UPDATED JAN 2017
I suppose collectively the images here represent a pod of whales.
My whittling is done using a pocket knife, and sandpaper. I sometimes use a round file on tails where there is risk of the wood breaking. In desperate situations, such as the first whale on this page, I had to resort to using a tomahawk to remove some of the excess timber, such was the hardness of the wood, but these measures are a rarity.
I like the lines of the Sperm Whale, plus unlike many other whales, they do not have long flippers so this suits the smaller wood pieces to which I have easy access – including old branches from trees in parks.
click to enlarge
The whale above was made for my youngest daughter’s 16th birthday. Sperm Whale from hardwood. 30+ hours work. 17cm long. I like the grain pattern and the opportunistically placed knot for the eye. Made use of a natural borer hole and sandstone pebble from local park to mount it.
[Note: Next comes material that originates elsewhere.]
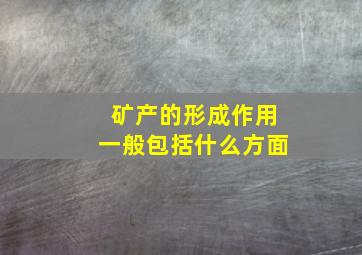 矿产的形成作用一般包括什么方面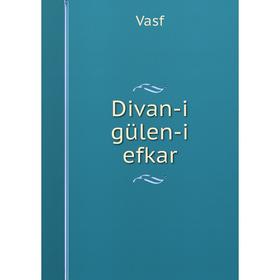 

Книга Divan-i gülen-i efkar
This was a quicky little sperm whale. Only 5cm long. Again a fortunate knot allows him to see. From a bit of stick from the park…
Sperm Whale from willow found in park. 13cm long. A much easier whittling task. Permanently mounted on the stone.
Two sperm whales, Cyprus pine and willow wood. About 13cm long.
My take on a baby blue whale carved from Willow wood. Pectoral fins are a bit small. Just resting on wood for photographic purposes.
A smiling blue whale – interpretive piece. Carved from Olive wood. Took 30 hours.